[Stored items]
====

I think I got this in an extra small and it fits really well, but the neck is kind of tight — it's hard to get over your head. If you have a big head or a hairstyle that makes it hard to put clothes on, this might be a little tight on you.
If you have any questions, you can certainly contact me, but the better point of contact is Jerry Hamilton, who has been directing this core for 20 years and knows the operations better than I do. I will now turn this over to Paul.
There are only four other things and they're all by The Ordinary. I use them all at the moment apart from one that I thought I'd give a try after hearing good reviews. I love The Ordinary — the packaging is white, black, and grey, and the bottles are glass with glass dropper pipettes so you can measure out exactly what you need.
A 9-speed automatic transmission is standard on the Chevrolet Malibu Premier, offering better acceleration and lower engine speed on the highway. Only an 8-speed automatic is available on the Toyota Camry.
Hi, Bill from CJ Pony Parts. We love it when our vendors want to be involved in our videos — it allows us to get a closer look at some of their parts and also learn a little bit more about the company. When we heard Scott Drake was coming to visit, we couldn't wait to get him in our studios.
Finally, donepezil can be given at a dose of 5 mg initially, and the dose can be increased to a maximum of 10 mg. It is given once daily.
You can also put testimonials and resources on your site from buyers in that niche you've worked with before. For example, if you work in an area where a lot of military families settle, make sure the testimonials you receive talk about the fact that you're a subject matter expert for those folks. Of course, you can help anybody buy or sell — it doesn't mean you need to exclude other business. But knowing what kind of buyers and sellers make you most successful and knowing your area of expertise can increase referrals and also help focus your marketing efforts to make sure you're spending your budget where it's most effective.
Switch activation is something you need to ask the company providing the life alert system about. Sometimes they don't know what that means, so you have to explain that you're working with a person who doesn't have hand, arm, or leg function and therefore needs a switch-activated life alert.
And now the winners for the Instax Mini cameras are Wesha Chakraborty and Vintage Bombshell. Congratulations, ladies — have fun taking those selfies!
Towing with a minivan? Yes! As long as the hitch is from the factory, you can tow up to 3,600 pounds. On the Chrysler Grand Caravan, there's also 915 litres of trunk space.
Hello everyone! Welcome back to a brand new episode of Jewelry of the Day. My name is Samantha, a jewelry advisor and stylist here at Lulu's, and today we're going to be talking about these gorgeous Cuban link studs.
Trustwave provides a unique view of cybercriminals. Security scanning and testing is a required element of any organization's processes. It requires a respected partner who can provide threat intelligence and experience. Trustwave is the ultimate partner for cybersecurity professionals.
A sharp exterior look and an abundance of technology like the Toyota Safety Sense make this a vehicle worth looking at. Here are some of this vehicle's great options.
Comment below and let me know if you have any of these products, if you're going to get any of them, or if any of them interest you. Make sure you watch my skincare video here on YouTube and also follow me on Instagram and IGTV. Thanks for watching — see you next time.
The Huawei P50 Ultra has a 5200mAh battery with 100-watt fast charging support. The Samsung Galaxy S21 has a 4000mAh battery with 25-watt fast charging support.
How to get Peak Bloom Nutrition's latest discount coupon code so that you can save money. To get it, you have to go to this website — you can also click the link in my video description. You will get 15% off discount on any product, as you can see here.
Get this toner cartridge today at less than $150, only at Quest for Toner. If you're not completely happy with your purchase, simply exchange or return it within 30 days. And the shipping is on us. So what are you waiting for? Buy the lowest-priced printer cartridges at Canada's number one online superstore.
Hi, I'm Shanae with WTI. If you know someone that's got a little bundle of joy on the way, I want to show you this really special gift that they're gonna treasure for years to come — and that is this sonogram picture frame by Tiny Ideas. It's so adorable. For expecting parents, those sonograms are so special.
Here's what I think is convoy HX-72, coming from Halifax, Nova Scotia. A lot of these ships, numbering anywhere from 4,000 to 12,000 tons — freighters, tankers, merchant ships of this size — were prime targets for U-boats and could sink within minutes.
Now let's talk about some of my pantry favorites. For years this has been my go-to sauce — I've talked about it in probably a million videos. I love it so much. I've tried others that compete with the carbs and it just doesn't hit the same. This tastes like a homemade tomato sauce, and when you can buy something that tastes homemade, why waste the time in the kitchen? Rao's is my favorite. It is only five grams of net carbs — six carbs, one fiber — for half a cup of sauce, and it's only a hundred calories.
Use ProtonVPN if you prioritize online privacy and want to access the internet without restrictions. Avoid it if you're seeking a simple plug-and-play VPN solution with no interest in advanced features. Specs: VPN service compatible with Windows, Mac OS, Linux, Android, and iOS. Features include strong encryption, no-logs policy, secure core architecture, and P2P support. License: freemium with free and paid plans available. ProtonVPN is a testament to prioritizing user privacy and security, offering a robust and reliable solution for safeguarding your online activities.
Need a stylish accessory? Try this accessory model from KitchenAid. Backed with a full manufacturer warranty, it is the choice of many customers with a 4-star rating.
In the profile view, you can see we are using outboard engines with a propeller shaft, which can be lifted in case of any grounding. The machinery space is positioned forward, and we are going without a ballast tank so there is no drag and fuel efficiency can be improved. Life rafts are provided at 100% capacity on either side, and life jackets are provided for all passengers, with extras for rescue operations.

====

— THE TASK —
Copy every line of the records above that contains "Toyota".

— WRITTEN ANSWER —
A 9-speed automatic transmission is standard on the Chevrolet Malibu Premier, offering better acceleration and lower engine speed on the highway. Only an 8-speed automatic is available on the Toyota Camry.
A sharp exterior look and an abundance of technology like the Toyota Safety Sense make this a vehicle worth looking at. Here are some of this vehicle's great options.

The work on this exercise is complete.